# Stern-Gerlach, polarized atom beam.

1. Nov 23, 2012

### Telemachus

1. The problem statement, all variables and given/known data
In a Stern-Gerlach device, an atom beam with angular impulse J, travels through a magnetic field applied normally to the trajectory. The beam is separated in 2j+1 beams in general. Find the relative intensities for these beams if J=1 and if the beam is polarized with jθ=1 in a direction that forms an angle θ with the direction of the magnetic field.

2. Relevant equations
The operator
$$J \cdot n_{\theta}=J_{\theta}=J_x\sin\theta \cos\phi+J_y \sin\theta\sin\phi+J_z\cos\phi$$

3. The attempt at a solution
I'm not sure what I'm supposed to do. I think I should find the eigenvalues for the given operator, and then determine the probability of measuring each eigenvalue, projecting over each possible eigenstate. I need some guidance with this.

Last edited: Nov 23, 2012
2. Nov 23, 2012

### TSny

I think you have the right idea. Since you are dealing with spin 1 particles ($j = 1$), the possible eigenvalues for a measurement of the component of spin along any chosen direction in space are $m\hbar$ where $m$ is an integer.

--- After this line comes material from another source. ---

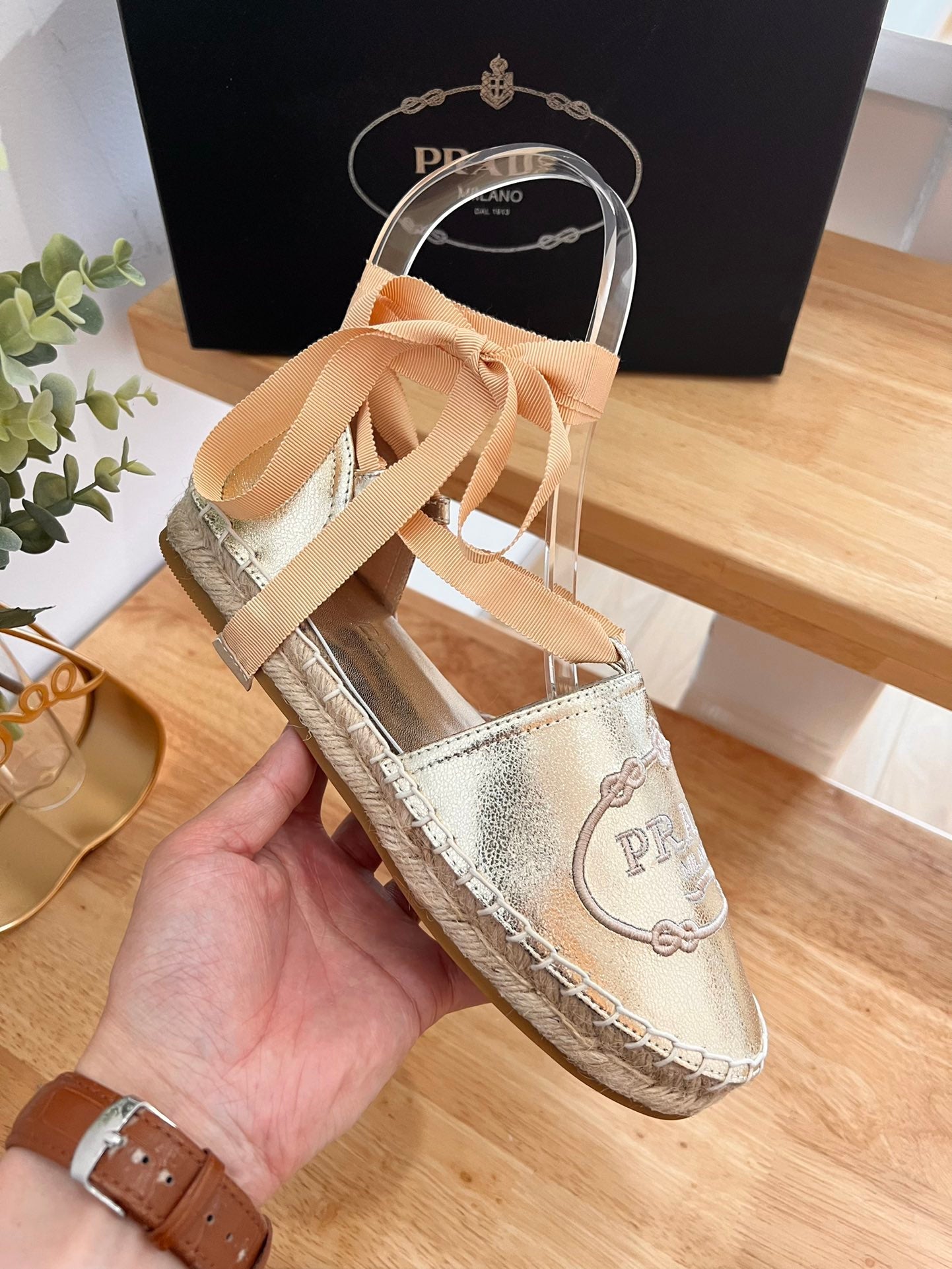 PRADA 26S LACE UP ESPADRILLE FLATS IN GOLD CALFSKIN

What are the possible values of $m$?

The corresponding eigenstates may be written $|j,m>$ where $j = 1$ and $m$ can be any of the possible values of $m$.

If you use primes to denote that you are considering spin components along the specific direction nθ given in the problem, what is the value of $m'$ for the particles before they enter the B field? That is, what is the value of $m'$ for the initial state $|j,m'>$ ?

3. Nov 24, 2012

### Telemachus

The possible values for m are $m=-1,0,1$.

I think that the value of $m′$ should be the eigenvalue for the projection of the eigenstates in the nθ direction. So I think I should apply the given operator over the $|j,m>$, and those eigenvalues would give the $m′$, am I right?

Thank you very much TSny.

4. Nov 24, 2012

### TSny

If I'm understanding the setup, the initial state of the particles is $j = 1$ and $m' = 1$ along nθ: $|j, m'=1>$

If you let $m$ without a prime denote possible eigenstates having definite components of spin along the magnetic field direction, then the three output beams will correspond to the three states $|j, m>$ where $m$ = 1, 0, and -1. You can think of these three states as basis states for expressing any spin state. In particular, it should be possible to expand the input state $|j, m'=1>$ ("along nθ") as a superposition of the states $|j, m>$ ("along B").

The easiest way to find the coefficients of the expansion is to consult a standard QM text that discusses rotations of quantum states. The $m'$ states are related to the $m$ states by a rotation.

5. Nov 24, 2012

### Telemachus

You get the $m´=1$ from the given value of jθ=1?

I think I get the setup, I saw it in Cohen, where this kind of configuration is discussed. There are two Stern Garlech apparatus, one giving the atoms in a given state, and the second one measuring the intensity I think. But I don't know how to work it out.

I'm sorry to insist with this, I'm having some trouble with QM.

6. Nov 24, 2012

### TSny

I’m not sure of the meaning of the notation jθ = 1. I assume that this means that the initial state is $|j = 1, m' = 1> \equiv |1, 1'>$. If not, then I don’t understand the setup.

You can expand $|1, 1'>$ in terms of the three eigenstates of spin along the B-field direction $|j = 1, m> \equiv |1,m>$ for m = 1, 0, -1. Thus, there exists constants $C_1, C_2, C_3$ such that

$|1, 1'>\; = \;C_1|1, 1> +\; C_2|1, 0> +\;C_3|1, -1>$

You can find tables containing the values of the coefficients. For example you can find these constants along with an outline of their derivation on the last 3 pages of

http://www.hep.phy.cam.ac.uk/~thomson/lectures/partIIIparticles/Handout4_2009.pdf $\;$ [Don't panic! Skip quickly to the last three pages. Note that $|\psi>$ is used for what we have called $|1, 1'>\;$. See in particular the last equation on page 146.]

From the values of the $C$ constants you can calculate the relative intensities of the three beams exiting the apparatus.

7. Nov 24, 2012

### Telemachus

Thanks, I think I got it.